Task prompt >> Write every entry out again exactly, please, and skip the pictures.
Information supplied: Begin
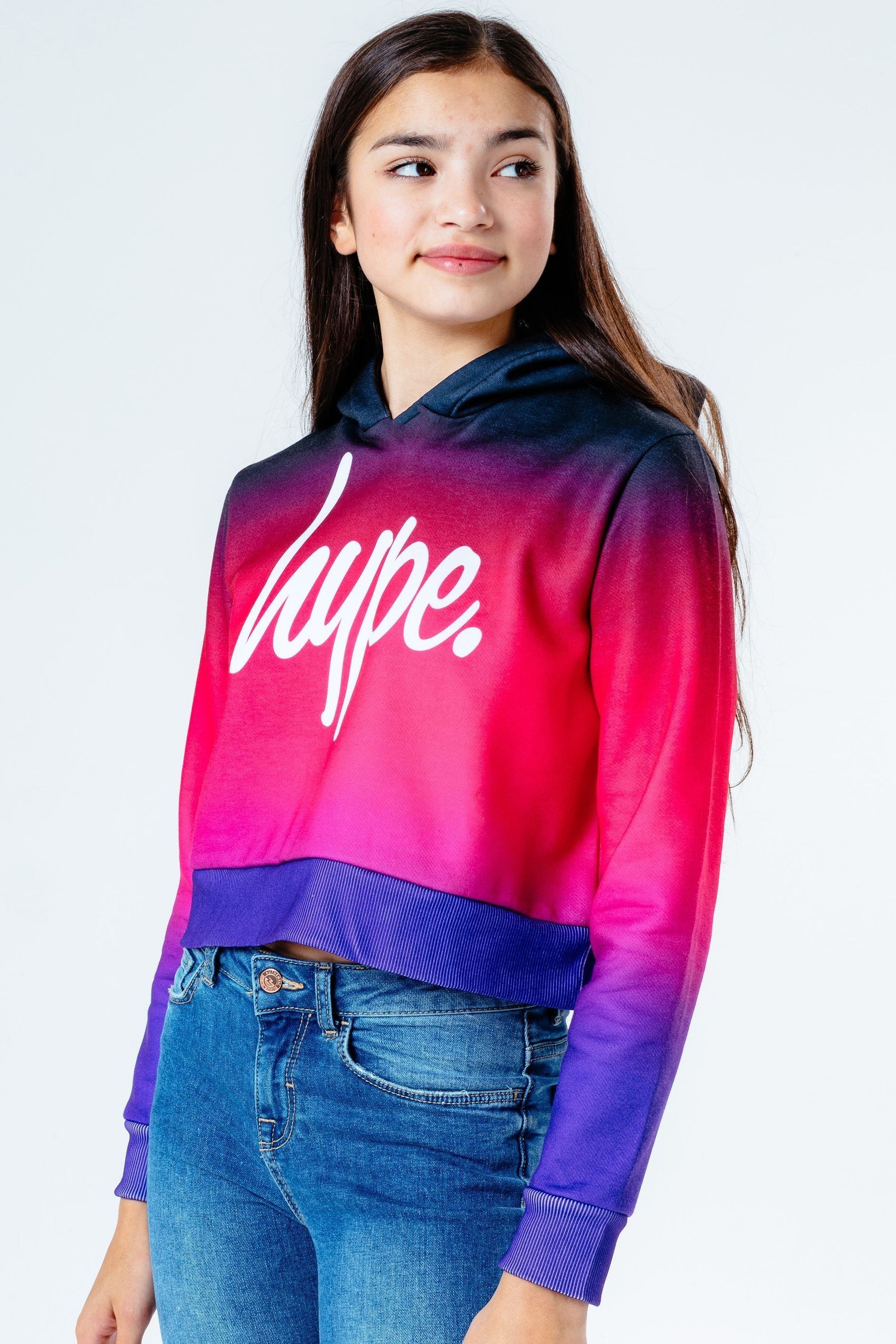 Buy Hype. Black Pink Fade Crop Hoodie from the Next UK online shop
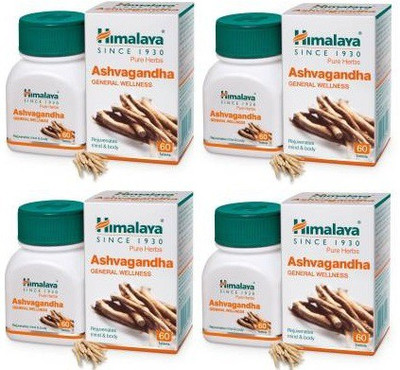 HIMALAYA Ashvagandha Tablet - 60 Tablets | Pack of 4 (60 x 4 = 240 Tablets)(Pack of 4, 240 Tablets)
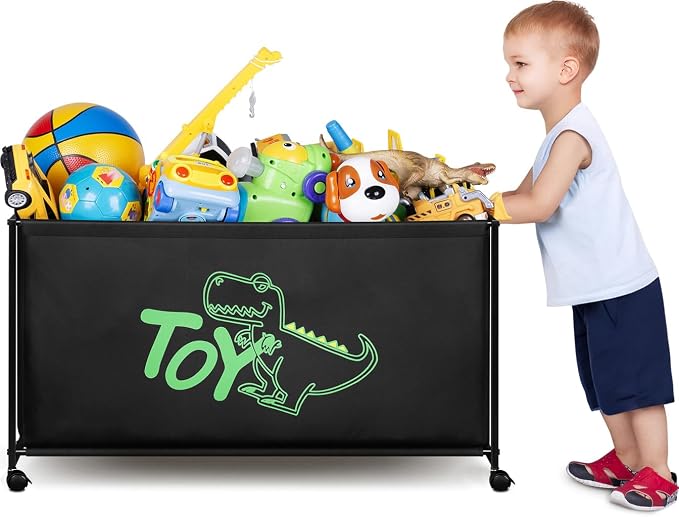 MISSLO Large Toy Box with Wheels Big Toy Chest by MISSLO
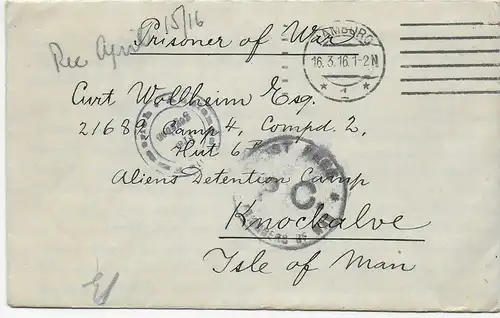 Brief aus Hamburg, 1916 nach Knockaloe Internment Camp, Isle of Man, Kgf PoW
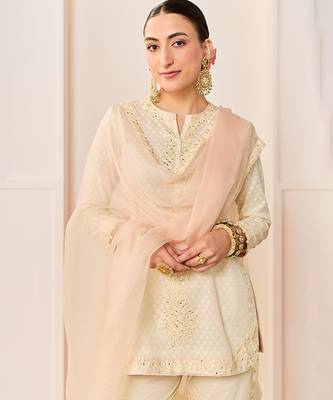 Daisy ivory embroidered chanderi silk short kurti gharara set 2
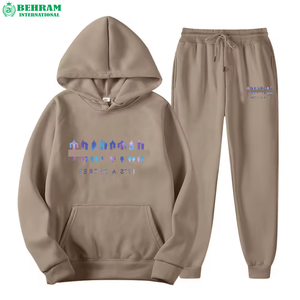 Behram International Top Premium Customized 2-Piece Unisex 100% Cotton Heavyweight Breathable Winter Hooded Drawstring <b>Tracksuit</b> - Product Image 4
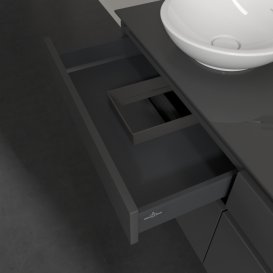 Тумба под раковину Villeroy & Boch Legato 140х55 см с подсветкой МДФ/ДСП глянцевый серый B592L0FP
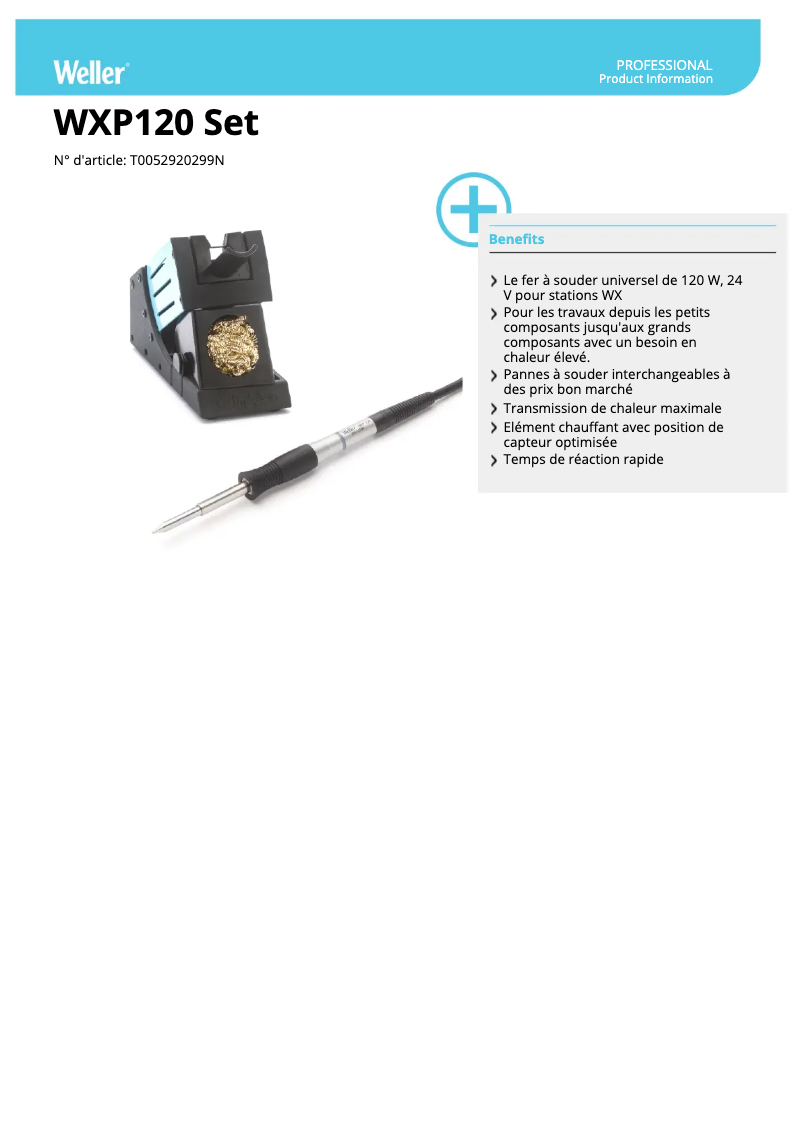 Page 1 de la notice Fiche technique Weller WXP 120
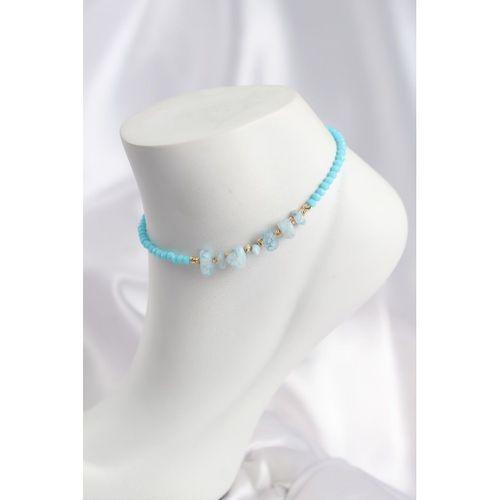 Turkuaz Renk Boncuklu Doğaltaş Görünümlü Halhal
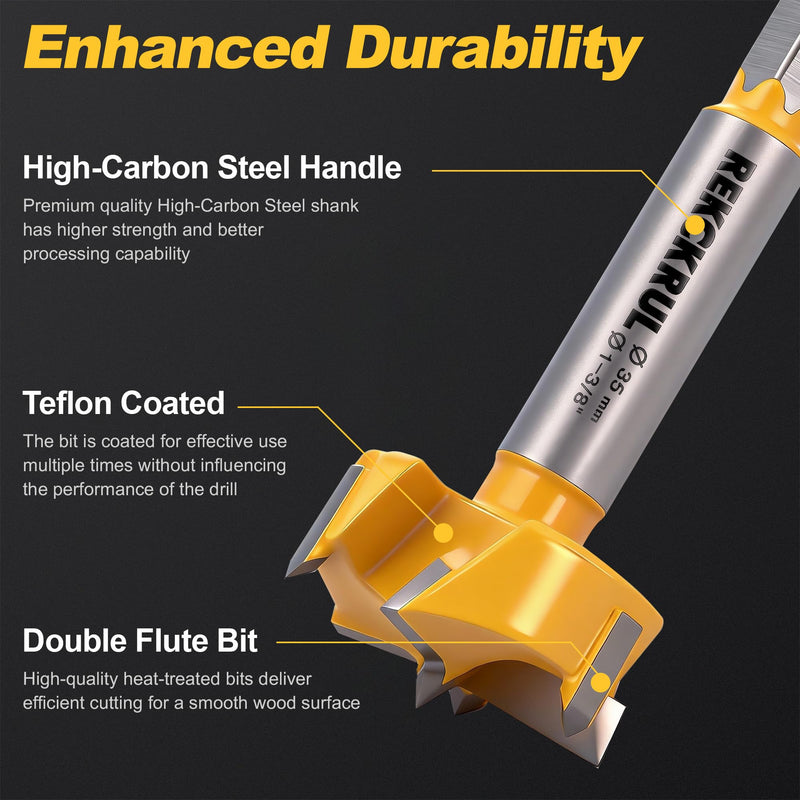 4" | 101.6mm Industrial Triple Flute Tungsten Carbide Forstner Drill Bits with Hex Shank - Premium Wood Hole Saw Kit for Woodworking, Hardwood, Plywood, Plastic, CNC & Handheld Drills 4" | 101.6mm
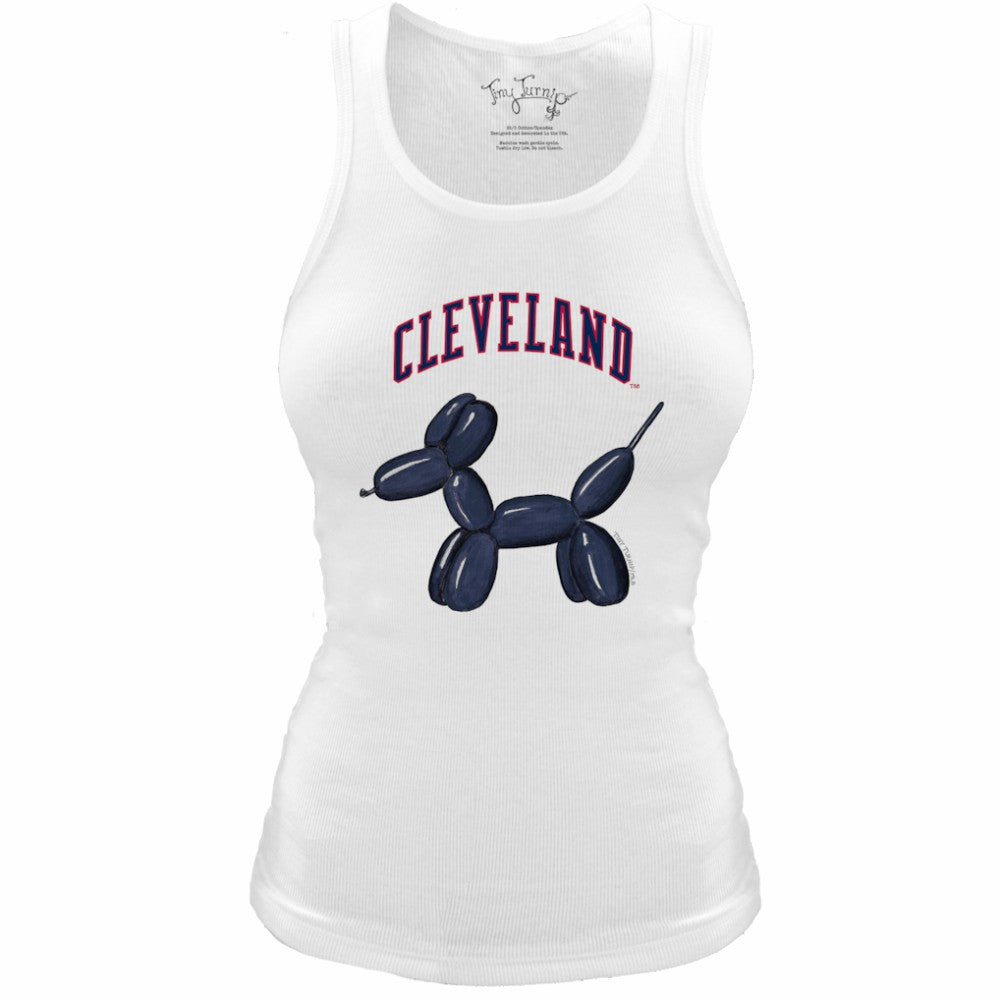 Cleveland Guardians Tiny Turnip Women's Fitted Balloon Dog Tri-Blend Tank Top White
Information supplied: End
Your response >>
 Buy Hype. Black Pink Fade Crop Hoodie from the Next UK online shop
 HIMALAYA Ashvagandha Tablet - 60 Tablets | Pack of 4 (60 x 4 = 240 Tablets)(Pack of 4, 240 Tablets)
 MISSLO Large Toy Box with Wheels Big Toy Chest by MISSLO
 Brief aus Hamburg, 1916 nach Knockaloe Internment Camp, Isle of Man, Kgf PoW
 Daisy ivory embroidered chanderi silk short kurti gharara set 2
 Behram International Top Premium Customized 2-Piece Unisex 100% Cotton Heavyweight Breathable Winter Hooded Drawstring <b>Tracksuit</b> - Product Image 4
 Тумба под раковину Villeroy & Boch Legato 140х55 см с подсветкой МДФ/ДСП глянцевый серый B592L0FP
 Page 1 de la notice Fiche technique Weller WXP 120
 Turkuaz Renk Boncuklu Doğaltaş Görünümlü Halhal
 4" | 101.6mm Industrial Triple Flute Tungsten Carbide Forstner Drill Bits with Hex Shank - Premium Wood Hole Saw Kit for Woodworking, Hardwood, Plywood, Plastic, CNC & Handheld Drills 4" | 101.6mm
 Cleveland Guardians Tiny Turnip Women's Fitted Balloon Dog Tri-Blend Tank Top White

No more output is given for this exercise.